Jerry "Duff" Dorrough, a honky-tonk guitar player and a painter, grew up in Ruleville.

"I always said, you know, painting is my day job and playing music is my night job. It's not always that simple," Dorrough said in the documentary, "Drawing on a Dream." Susan Dobbs and David Rae Morris made the film this year. Barefoot Workshops in Clarksdale produced it.

In the documentary dated September 2011, Dorrough says he graduated high school in 1970, then went to Delta State University to study art. After he graduated, he wanted to play rock 'n' roll music, so he moved to Nashville. When his grandfather became ill in 1975, Dorrough moved back home.

He played with the Tangents, billed as the Bad Boys from the Delta. "It was a monster band," Dorrough says in the documentary.

He talks about the deaths of friends and loved ones, including his wife. "I learned not to wallow in self-pity," he says. "What I learned over the years is life goes on."

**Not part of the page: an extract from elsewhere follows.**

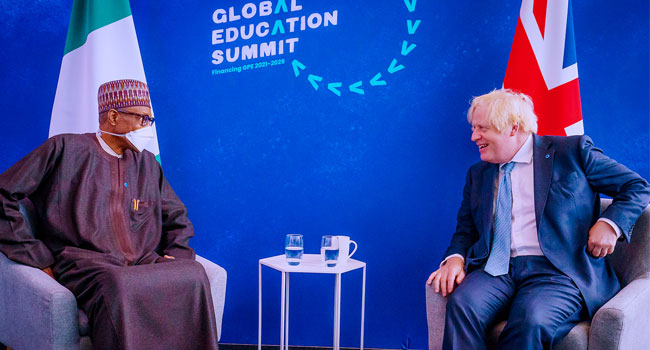 Insecurity: British Prime Minister, Boris Johnson Pledges Support For Nigeria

In the 1990s, he went back to school to study art again with a new passion for light and color in his paintings.

"My idea of success when I was younger was a real selfish idea of what I thought was success," Dorrough says in the film. "I thought if I made a lot of money or if I was in a group that got recognition and hit records, that would be success. Now, you know, I sort of make my living by drawing on my dreams."